Branch prediction is a critical feature in modern CPUs. It predicts what instructions are needed next before a program even requests them, thereby reducing CPU wait times and wasted instructions. Many of the CPU processing stages depend on accurate branch predictions; for example, if there’s a mispredict, then the instructions stored in the out-of-order buffer may need to be flushed. Gracemont has a 5,000 entry-long branch target cache for its history-based branch prediction to help generate accurate instruction pointers, reducing the chances of mispredicts.
In addition to cutting wait time, more branch prediction resources reduce cache miss by loading more relevant data into the cache, also before the program requests them. Gracemont carries a 64KB instruction cache that stores the most frequently used instructions close at hand, as well as Intel’s first “on-demand instruction length decoder” that decodes new code quickly.
The main instruction decoder got an upgrade too. It can now decode up to six instructions per cycle while maintaining the efficiency of a much narrower core. The decoder, which translates opcode into micro-ops (uOps), is important in keeping the backend fed at all times so the processor achieves maximum efficiency; being able to decode more instructions per clock is of course better for overall performance.
The decoders are aided by a new hardware-driven load balancer. Instead of dumping a long chain of sequential instructions onto a few decoders, load balancers break them up into smaller segments and distribute them across all of the decoders, increasing parallelism.
On the backend, Gracemont features a five-wide allocation stage and a 256 entry out-of-order window.
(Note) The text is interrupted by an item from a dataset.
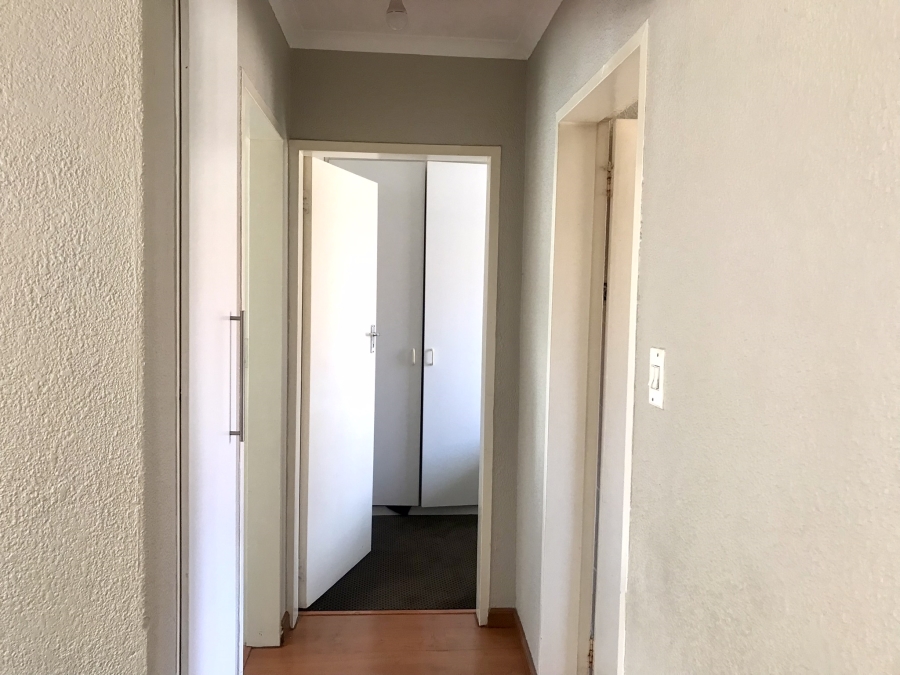 2 Bedroom Property for Sale in Lakefield Gauteng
The allocation stage bridges the front end with the back end of the CPU, while the out-of-order window specifies how many uOp entries out of order it can buffer before they’re dispatched to the execution units.
Intel says that Gracemont’s microarchitecture enhancements deliver higher general IPC increases while consuming a fraction of the power.
Further down the process flow are the data execution units, or EUs for short. Gracemont’s 17 execution ports can be scaled to the requirements of each unit. The integer EU ports are complemented by dual-energy multipliers and dividers. In addition, the single-instruction, multiple-data (SIMD) arithmetic logic units (ALUs) in the vector operations now support Intel’s virtual Neural Network Instructions (VNNI).
Two floating-point pipelines allow the execution of two independent add or multiply operations, as well as two multiply-add instructions per cycle thanks to new vector extension instructions. Gracemont’s vector stack also comes with cryptography units that provide AES and SHA acceleration, allowing it to offload the encryption workloads in security-sensitive applications.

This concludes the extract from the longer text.